The Czech National Group of the International Society for Clinical Biostatistics (ISCB Czechia)
Location: ZOOM
Meeting ID: 990 6218 4007
Passcode: 183786
Date: Friday 21 November 2025
Time: 14:00 CET
Abstract:
Simulation studies are widely used to evaluate the performance of statistical methods using synthetic data sets generated from a known ground truth. However, the current methodological research paradigm requires researchers to develop and evaluate new methods at the same time. This creates misaligned incentives, such as the need to demonstrate the superiority of new methods, potentially compromising the neutrality of simulation studies. Furthermore, results of simulation studies are often difficult to compare due to differences in data-generating mechanisms, included methods, and performance measures. This fragmentation can lead to conflicting conclusions, hinder cumulative methodological progress, and delay the adoption of effective methods. To address these challenges, we introduce the concept of living synthetic benchmarks.
The key idea is to disentangle method and data-generating mechanism development and continuously update the benchmark whenever a new data-generating mechanism, method, or performance measure becomes available.

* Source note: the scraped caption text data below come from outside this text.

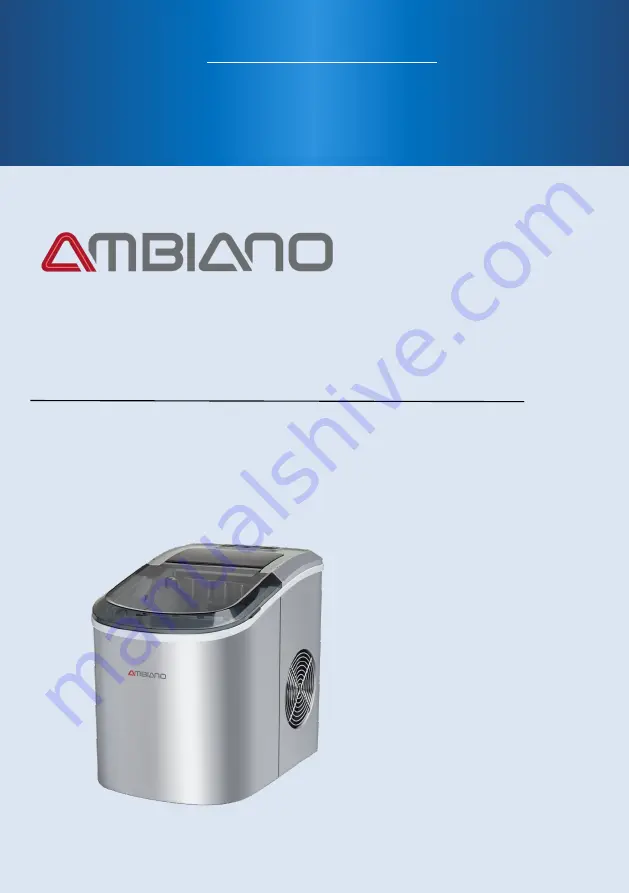 Ambiano HIELO User Manual Download Page 1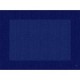10 sets de table, Linnea uni, 30 x 40 cm, darkblue
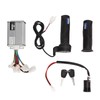 36V 1000W Brushed Motor Controller Throttle Grip Set with Electric
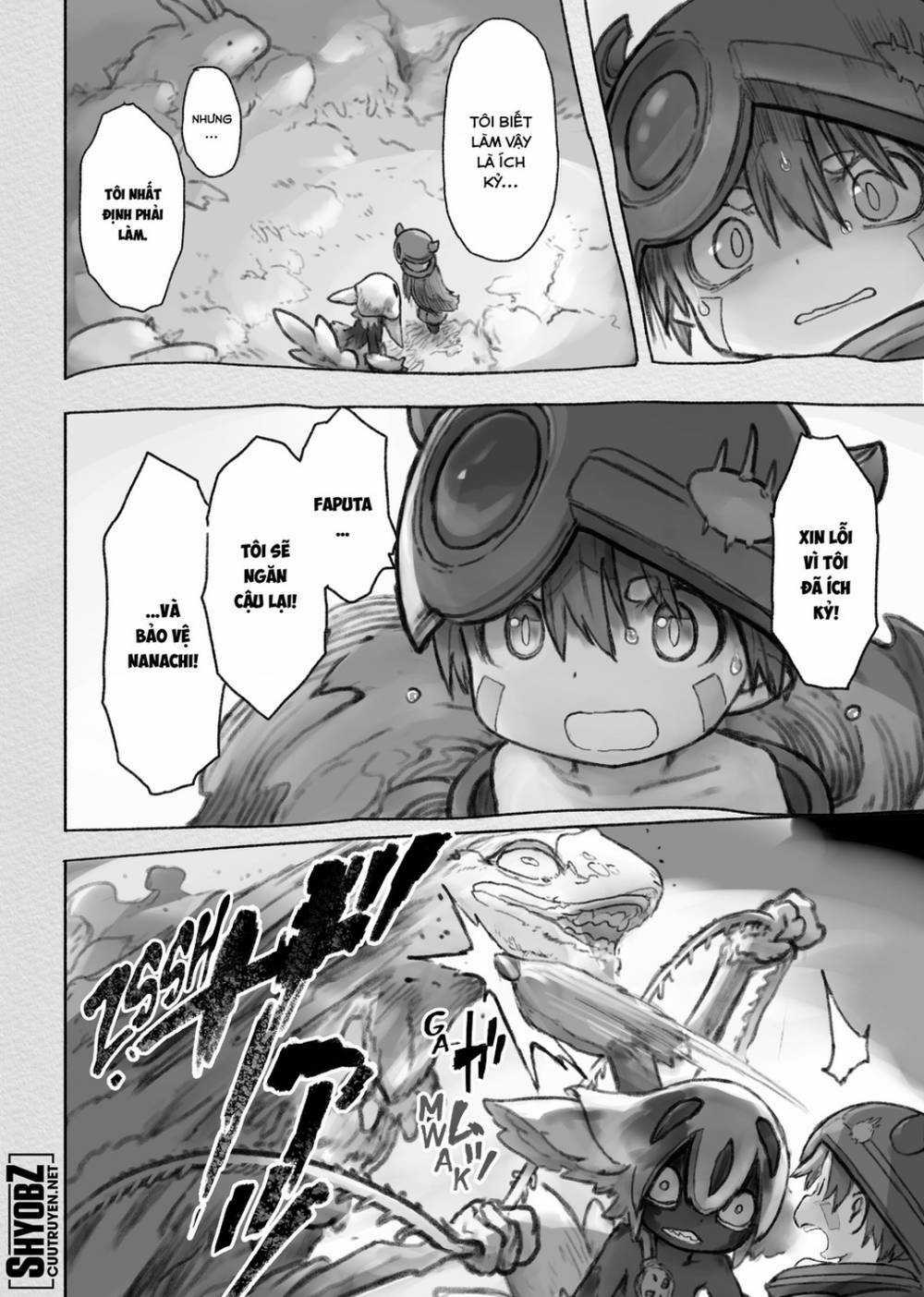 Made In Abyss Chapter 55 trang 10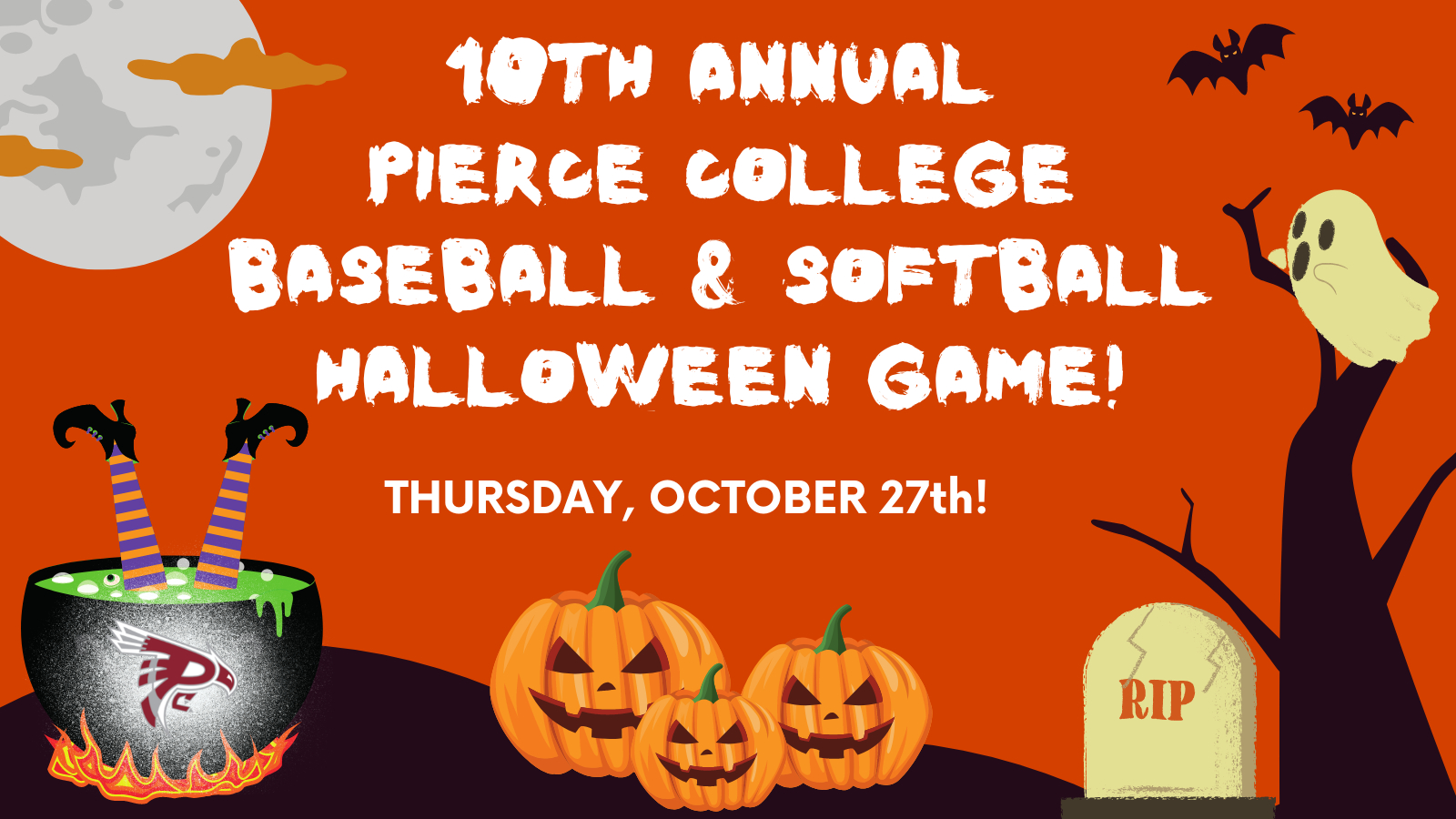 10th Annual Baseball/Softball Halloween Game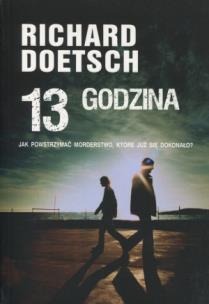Okładka książki 13 godzina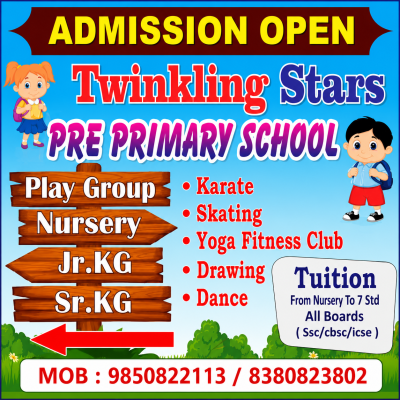 Twinkling Stars Pre Primary School - Best Pre...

Such segregation improves the neutrality of method evaluation, puts more focus on the development of both methods and data-generating mechanisms, and makes it possible to compare all methods across all data-generating mechanisms and using all performance measures.
In this paper, we (i) outline a blueprint for building and maintaining such benchmarks, (ii) discuss technical and organizational challenges of implementation, and (iii) demonstrate feasibility with a prototype benchmark for publication bias adjustment methods, including an open-source R package. We conclude that living synthetic benchmarks have the potential to foster neutral, reproducible, and cumulative evaluation of methods, benefiting both method developers and users.
Keywords:
Evidence Synthesis, Method Benchmarking, Neutral Method Comparison, Systematic Review
Personal Home Page:
References:
Pawel, S., Kook, L., & Reeve, K. (2024). Pitfalls and potentials in simulation studies: Questionable research practices in comparative simulation studies allow for spurious claims of superiority of any method. Biometrical Journal, 66(1), 2200091.

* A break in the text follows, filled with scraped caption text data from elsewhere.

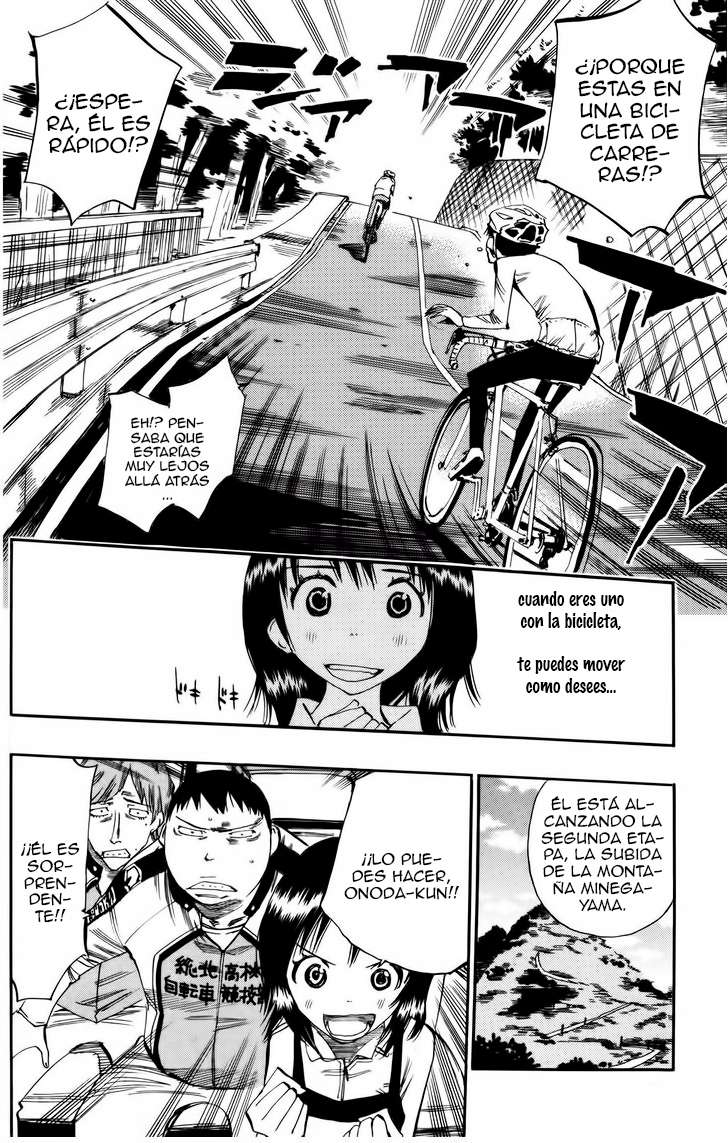 Yowamushi Pedal Capítulo 20 - Página 21 en español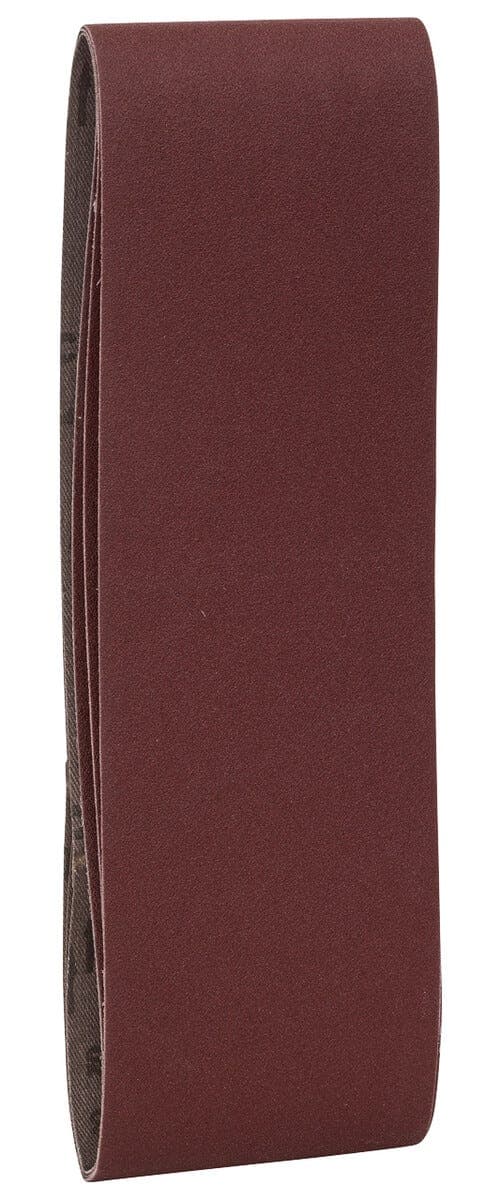 Bosch båndslipemaskin slipebånd P150, 75x533 mm, 3-pakning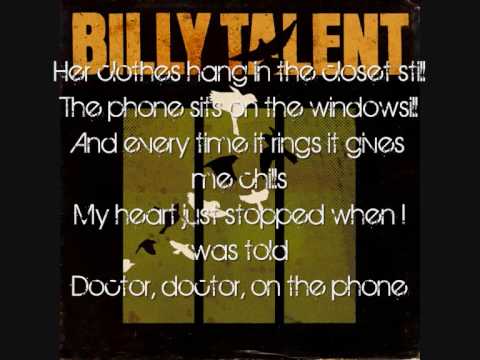 Billy Talent - White Sparrows with Lyrics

Nießl, C., Herrmann, M., Wiedemann, C., Casalicchio, G., & Boulesteix, A. L. (2022). Over‐optimism in benchmark studies and the multiplicity of design and analysis options when interpreting their results. Wiley Interdisciplinary Reviews: Data Mining and Knowledge Discovery, 12(2), e1441.
Heinze, G., Boulesteix, A. L., Kammer, M., Morris, T. P., White, I. R., & Simulation Panel of the STRATOS Initiative. (2024). Phases of methodological research in biostatistics—building the evidence base for new methods. Biometrical Journal, 66(1), 2200222.